In reply to gearheadmb :
I suppose my confession is that I like an embarrassing amount of pop music.
I just found out that today is Friday.
I would have bet the farm that it was Saturday.
Retirement is confusing. But AWESOME!
SaltyDog said:I just found out that today is Friday.
I would have bet the farm that it was Saturday.
Retirement is confusing. But AWESOME!
That's a trick question: when you're retired, every day is Saturday.
I'm looking forward to it.
Duke said:SaltyDog said:I just found out that today is Friday.
I would have bet the farm that it was Saturday.

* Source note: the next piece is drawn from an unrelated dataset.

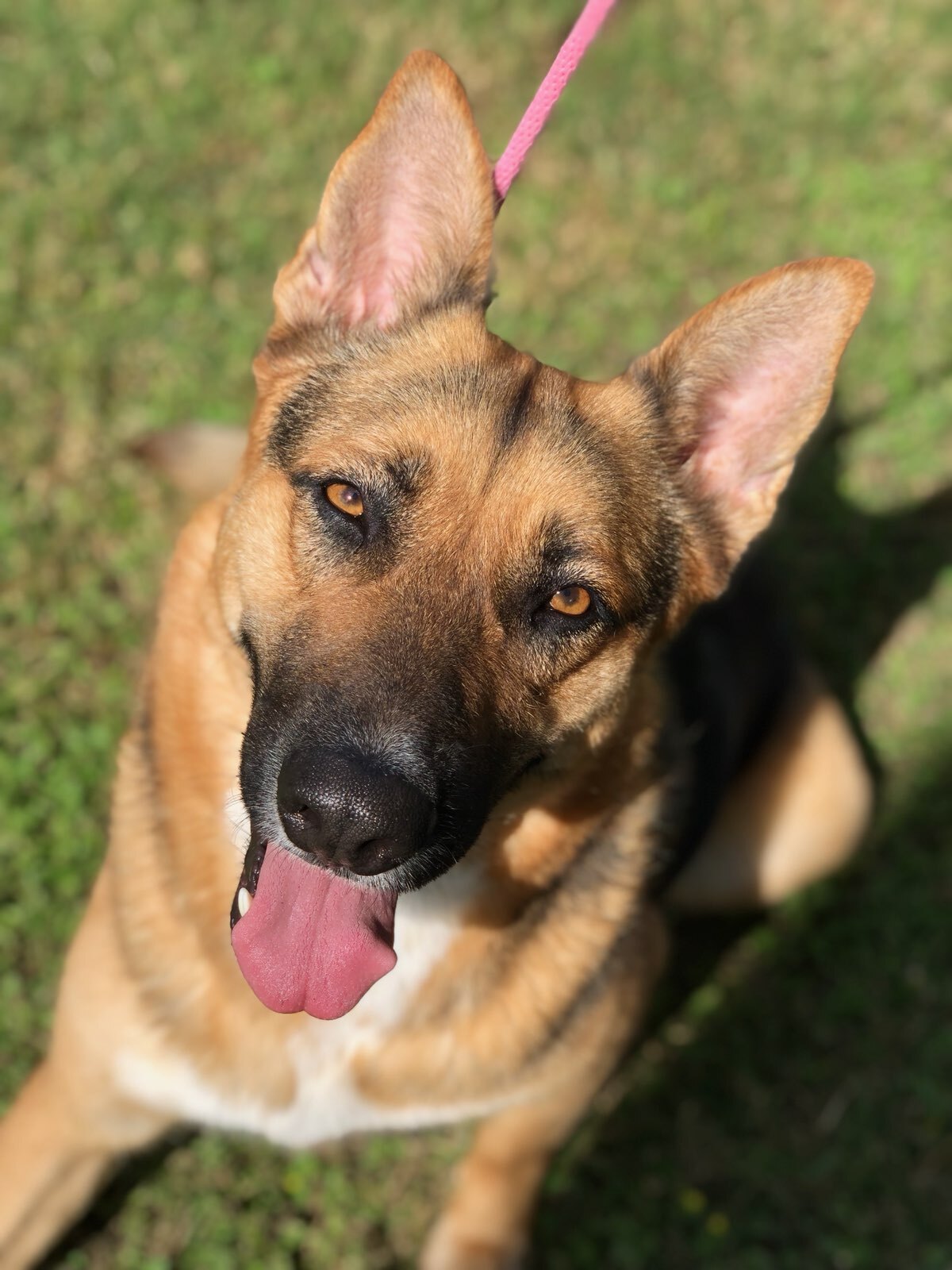 Mandy, a Adoptable German Shepherd Dog in Round Rock, TX image 3/9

Retirement is confusing. But AWESOME!
That's a trick question: when you're retired, every day is Saturday.
I'm looking forward to it.
You won't be disappointed. In the 7 months I've been retired, I've gotten to the point of preferring weekdays to weekends.
Fewer people out and about.
When I got into work this morning, I discovered that one of the guys who worked the night before had left his Mega Millions slip on the desk. I was about to throw it away, but then I imagined him winning and quitting his job.
So I said screw that, took his slip across the street and bought a ticket with the same numbers on it. That way, if he wins, he has to split the jackpot with me, which will torture him.
But then I noticed that he didn't play the Megaplier, so I checked that box too, and if the numbers come up, I get a bigger cut.
Minor Confession: Firemen suck.
Woody (Forum Supportum) said:When I got into work this morning, I discovered that one of the guys who worked the night before had left his Mega Millions slip on the desk. I was about to throw it away, but then I imagined him winning and then quitting his job.
So I said screw that, took his slip across the street and bought a ticket with the same numbers on it. That way, if he wins, he has to split the jackpot with me, which will torture him.
But then I noticed that he didn't play the Megaplier, so I checked that box too, and if the numbers come up, I get a bigger cut.
Minor Confession: Firemen suck.
A real dick move would have been to get the numbers, 5x.
I like to think that I at least understand the concept of mathematics, probability, and statistics, yet here I am, about to run out to buy a Mega Millions ticket. I'll lie to myself, trying to justify it by saying that I'm buying a few minutes/days of a fantasy, or that when it is over $500M (or double that in this case) it is large enough to make it worth it, but the truth is that I'm just like everyone else, literally throwing my money away.
Woody (Forum Supportum) said:When I got into work this morning, I discovered that one of the guys who worked the night before had left his Mega Millions slip on the desk. I was about to throw it away, but then I imagined him winning and then quitting his job.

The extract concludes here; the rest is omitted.